Also plots the explained variance vs. the number
of Principal Components. The number of plotted
components can be chosen through '--extras'.
Argument(s): a single (or list of) output(s) from
finder.py or database.py.
- gmm.py Performs PCA on input data and clusters in the
Principal Component space.
Input is a single (or list of) output(s) from
finder.py or database.py
gmm can be called with the '-r' option to remove
certain clusters after PCA and clustering have been
completed.
A new database file without the observations
corresponding to the removed clusters is saved.
gmm.py can be then run again on the new database.
This is useful to remove unwanted clusters and/or
observations from a database.
- finder.py Inputs either pickled or plain text and searches
for transients. Output is a list of instances of the
Spike class containing details about the transient,
(see spike.py).
Each sampled transient is centered on the maximum of
the absolute value of the points.
A simple way to determine the threshold is to use
spikes_time_series.py -t threshold file1 file2 file3 ..
where file1 file2 file3 ... are the names of the
files containing the time series.
to be analyzed and 'threshold' is a float
corresponding to trigger threshold in units of the
standard deviation of each file.
Two threshold lines are plotted at
+threshold*sigma and -threshold*sigma.
Extra utilities:
database.py Create database files readable by PCA.py and gmm.py from either plain-text or pickled files. This can be also used to merge already existing databases, see -h.
pickled_butter.py A fourth order back and forth butterworth band-pass filter, output is a pickled file which can be used in gmm.py and pca.py. Argument: One plain text file. (use: with xargs -P )
spikes_time_series.py Plots time series of the transients in a database output from finder.py.
PSD.py Takes as input single or multiple pickled or plain text files and returns a pickled numpy array containing the PSD. Plot the PSD using --plot. Misc:
spike.py contains Spike() class definitions.
A Spike() object is used to store information about the
transients found with finder.py and is also used used in
gmm.py, pca.py, database.py and
spikes_time_series.py.
Information stored in a Spike() instance for time domain:
spike.start -> Transient starting point.
spike.end -> Transient ending point
spike.width -> Number of points above N*sigma.
(spike.end-spike.start)
spike.peak -> Transient peak point.
spike.norm -> Transient normalization constant
(for use with PCA.py).
spike.waveform -> Time Series
spike.segment_start -> Segment start expressed
in GPS time.
spike.segment_end -> Segment end expressed
in GPS time.
spike.peak_GPS -> Spike peak expressed
in GPS time.
spike.SNR -> SNR of the glitch (time domain)
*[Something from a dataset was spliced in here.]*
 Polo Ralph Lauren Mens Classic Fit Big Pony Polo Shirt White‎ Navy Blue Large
This is only meaningful when data
is whitened.
spike.sampling -> Sampling Frequency
spike.type -> Type
spike.peak_frequency -> Peak frequency
For frequency domain:
spike.start -> Segment start (GPS time)
spike.end -> Segment end (GPS time)
spike.waveform -> PSD for the segment
spike.sampling -> Sampling frequency
To get a list of all the defined attributes (python code):
> import inspect
> variables = [i for i in dir(t) if not inspect.ismethod(i)
utils.py Contains various functions (and module imports) used all throughout PCAT.
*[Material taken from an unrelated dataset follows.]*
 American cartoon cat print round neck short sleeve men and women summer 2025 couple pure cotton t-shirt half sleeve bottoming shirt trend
***** Usage (quick start) **
Quickly get started: pcat can be used to find noise transients in the time domain and classify and characterize them, or it can be used to classify and characterize power spectral densities of short segments.
Each time series is read from frame files and, if requested (off by default), is saved (in a binary format readable using numpy's load() function) to: ~/PCAT/Data/${CHANNEL_NAME}/${INTERVAL_IDENTIFIER}/raw_data where ${INTERVAL_IDENTIFIER} is either the name of the supplied list or start time and end time as supplied from the command line.
The time series is processed and saved to ~/PCAT/Data/${CHANNEL_NAME}/${INTERVAL_IDENTIFIER}/${CONDITIONED_FOLDER} where again where again ${CONDITIONED_FOLDER} depends on the command line arguments and the files are again binary, readable with numpy's load().
A database of the is created and saved to the output folder, either: ~/public_html/time_PCAT/${CHANNEL_NAME}/${INTERVAL_IDENTIFIER}/${PARAMETERS} or ~/public_html/frequency_PCAT/${CHANNEL_NAME}/${INTERVAL_IDENTIFIER}/${PARAMETERS}
An URL to the folder where the database and plots are saved is returned.
pcat can also be run on a batch of channels using pcat-multi, which takes as arguments either a list of times or a couple GPS times and two configuration files, one for time domain and one for frequency domain (see .config files for examples) and returns a summary page containing links to results for each channel.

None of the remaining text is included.